Dataset excerpts
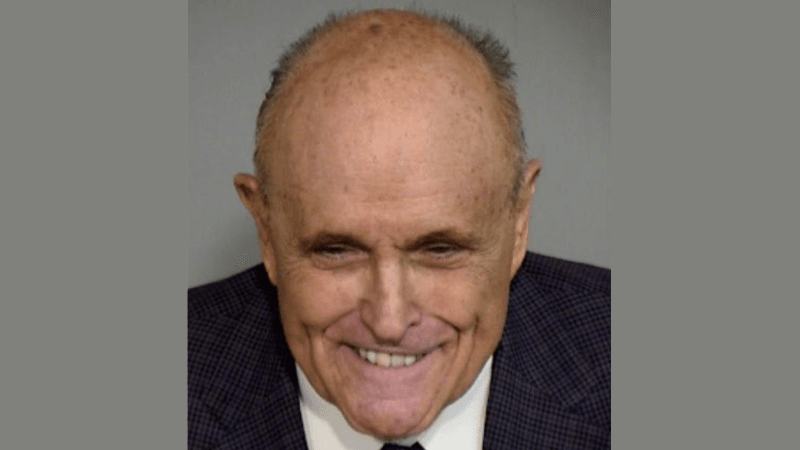 Rudy Giuliani mugshot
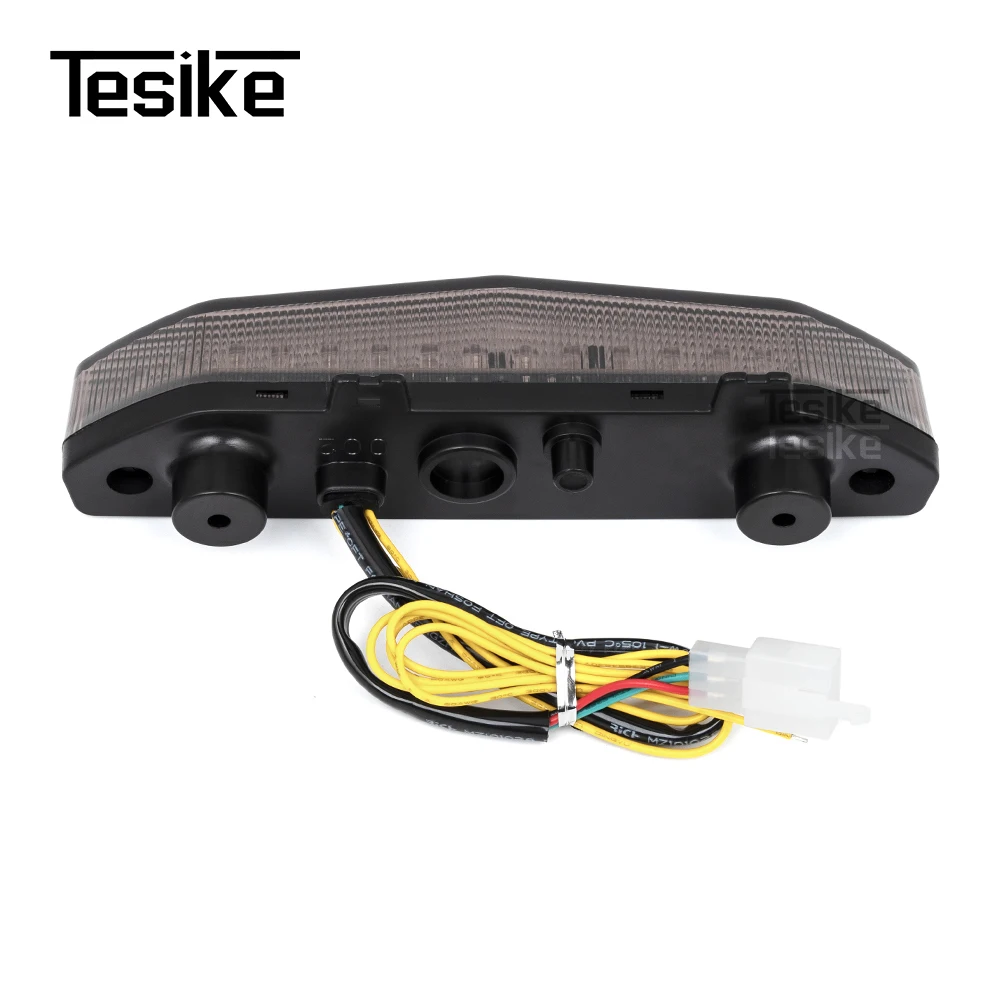 Pour Kawasaki Ninja ZX-6R 2007 2008 ZG14 CONCOURS 2008-2018 Zjas1200 DAEG enquêter Arrière Frein Clignotants Lumière LED spatirée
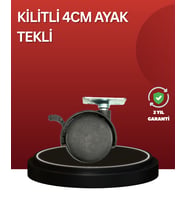 Sessiz Dönen Kilitli Mobilya Tekerleği 4 cm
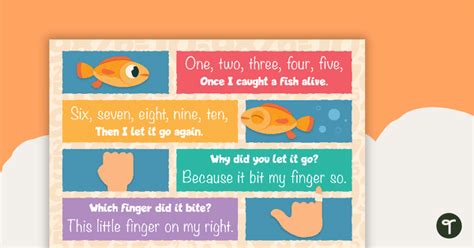 One, Two, Three, Four, Five - Counting Rhyme Poster Teaching Resource | Teach Starter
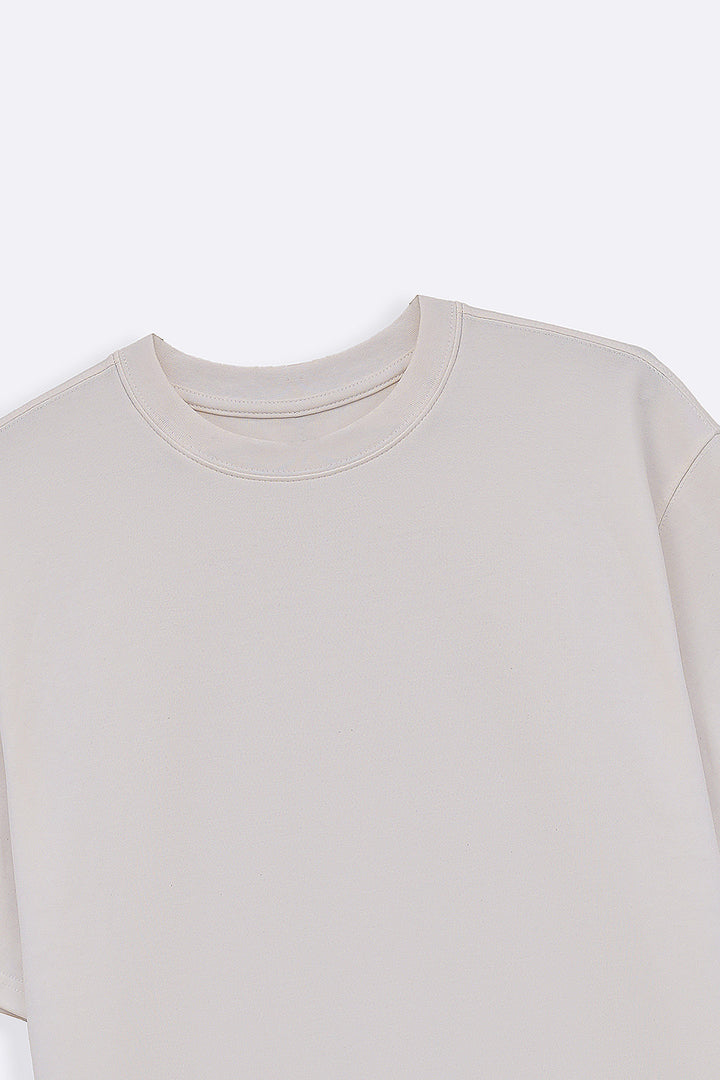 WHITE SUMMER ESSENTIAL TEE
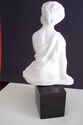 Unique Antique White Biscuit Sculpture Art Statue 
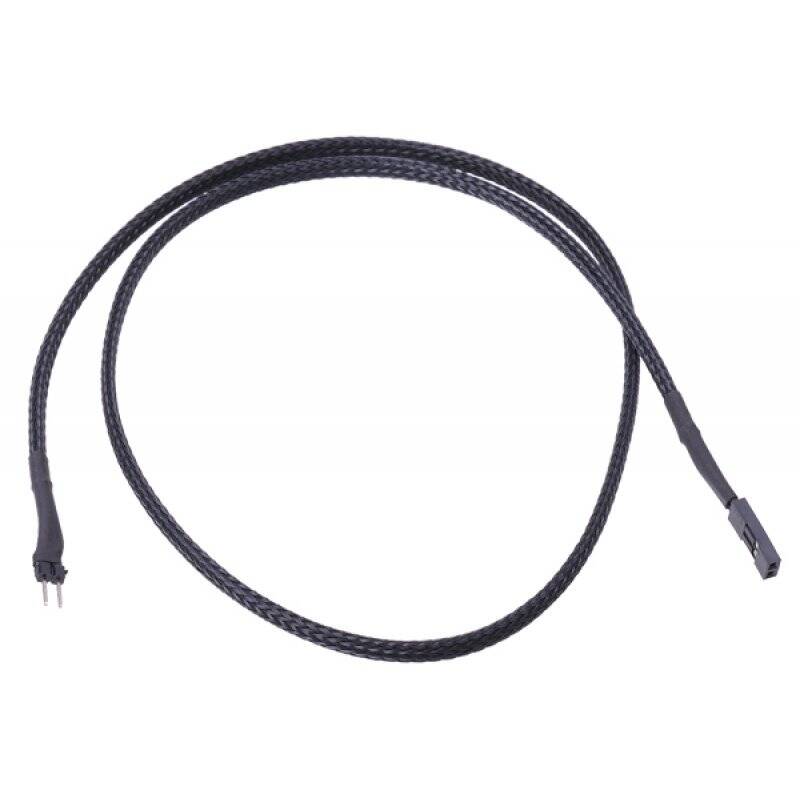 Phobya 2-Pin extension female/plug 60cm  - black            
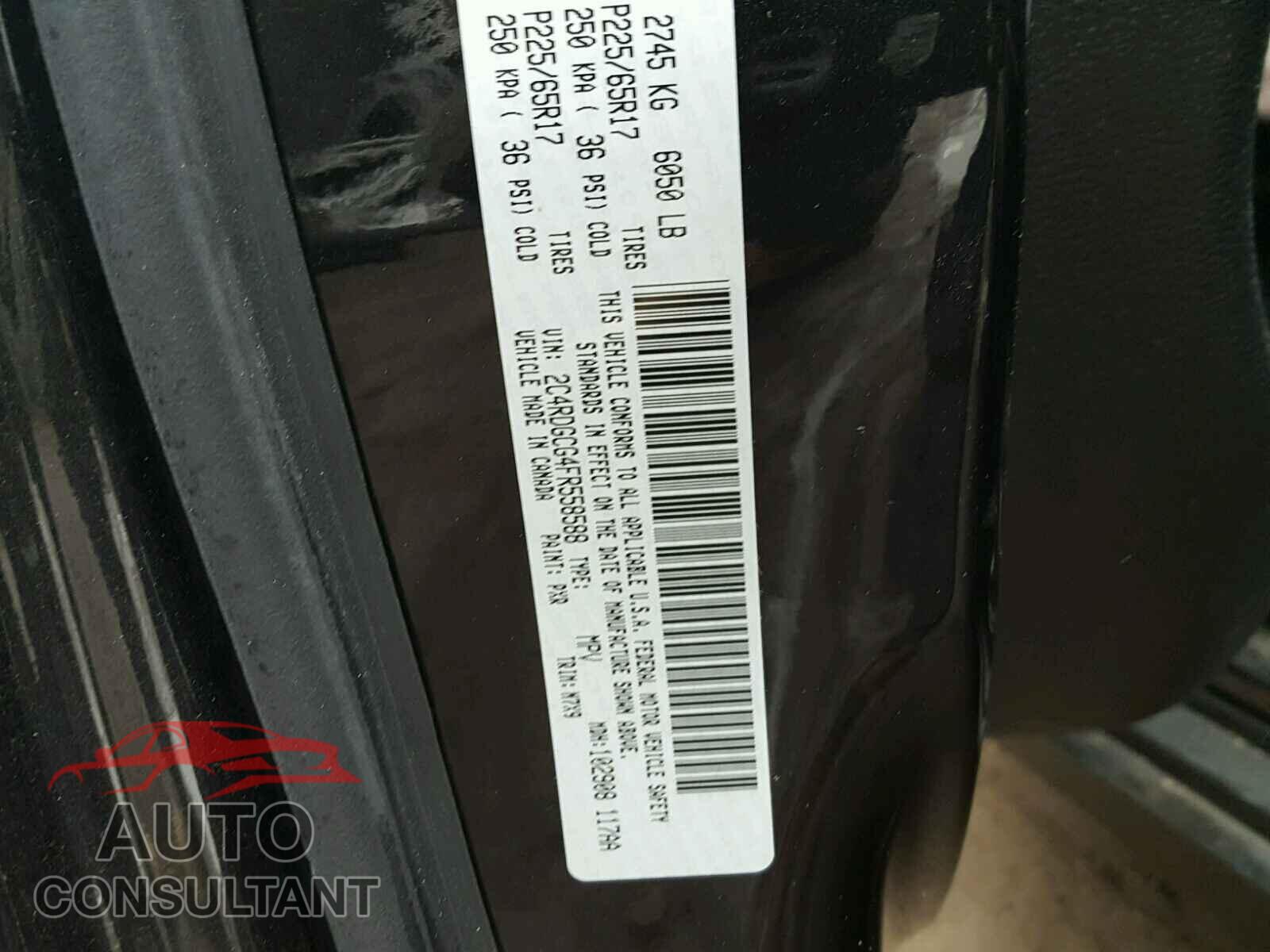 DODGE CARAVAN 2015 - 2C4RDGCG4FR558588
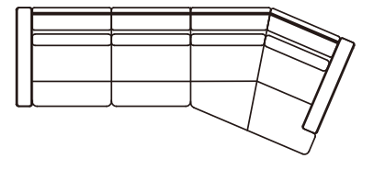 L Arm 3 Seater + R Arm Seater Angled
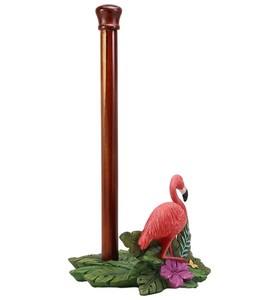 Peacock Design Porte-serviettes en papier en métal avec base ronde Distributeur de rouleaux de serviettes de comptoir pour la cuisine et la salle de bain - Product Image 4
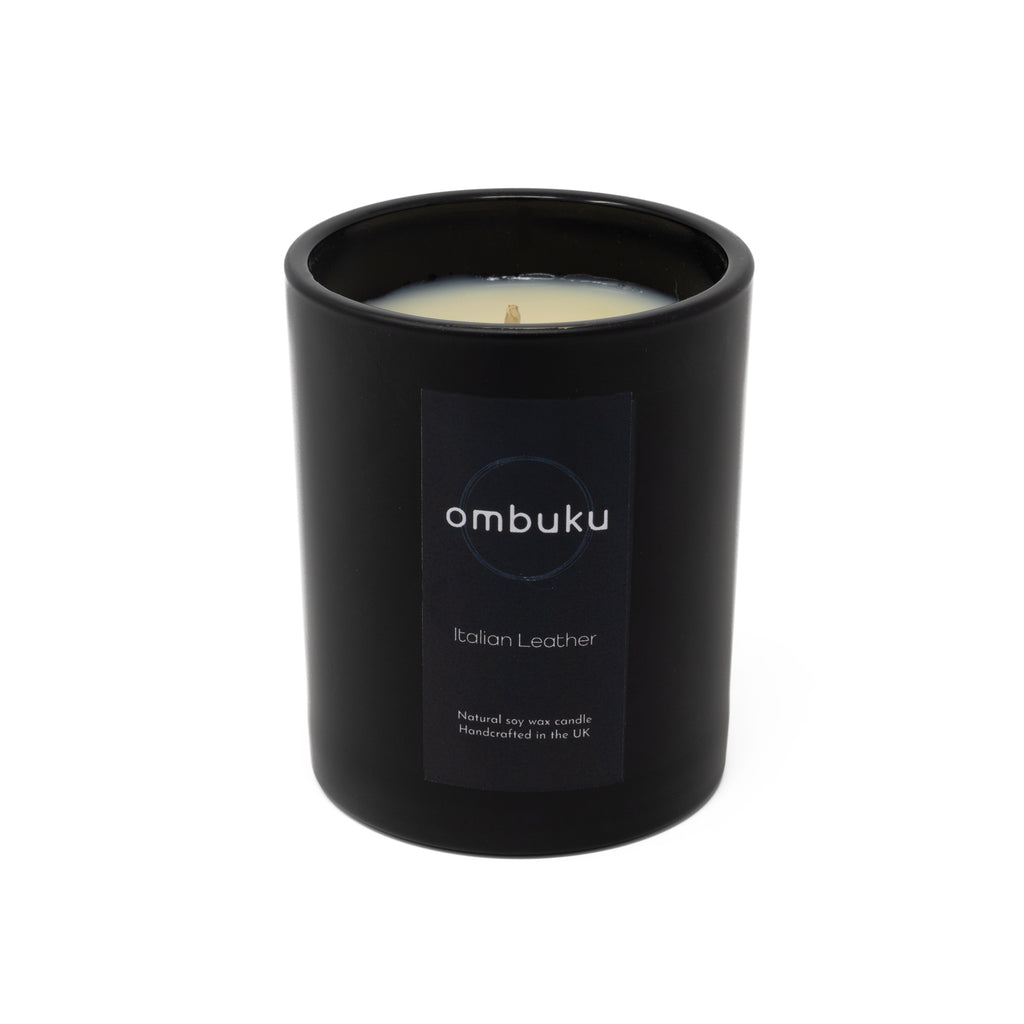 Italian Leather Scented Candle Dusk Furniture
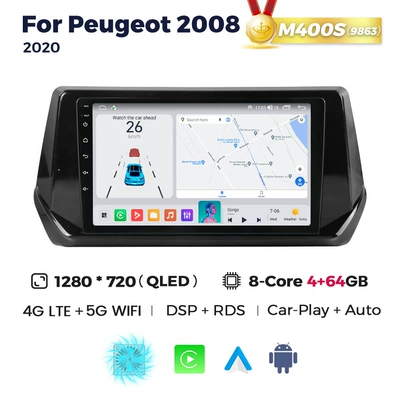 Peugeot 2008 2020 Peugeot: DVD Navigation - m400s-464-eight-core-full-netcom-9863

Work order
Give back the material exactly as written, from its first line to the line that contains "Italian Leather Scented", and leave out the pictures.

Solution for this exercise
 Rudy Giuliani mugshot
 Pour Kawasaki Ninja ZX-6R 2007 2008 ZG14 CONCOURS 2008-2018 Zjas1200 DAEG enquêter Arrière Frein Clignotants Lumière LED spatirée
 Sessiz Dönen Kilitli Mobilya Tekerleği 4 cm
 One, Two, Three, Four, Five - Counting Rhyme Poster Teaching Resource | Teach Starter
 WHITE SUMMER ESSENTIAL TEE
 Unique Antique White Biscuit Sculpture Art Statue 
 Phobya 2-Pin extension female/plug 60cm  - black            
 DODGE CARAVAN 2015 - 2C4RDGCG4FR558588
 L Arm 3 Seater + R Arm Seater Angled
 Peacock Design Porte-serviettes en papier en métal avec base ronde Distributeur de rouleaux de serviettes de comptoir pour la cuisine et la salle de bain - Product Image 4
 Italian Leather Scented Candle Dusk Furniture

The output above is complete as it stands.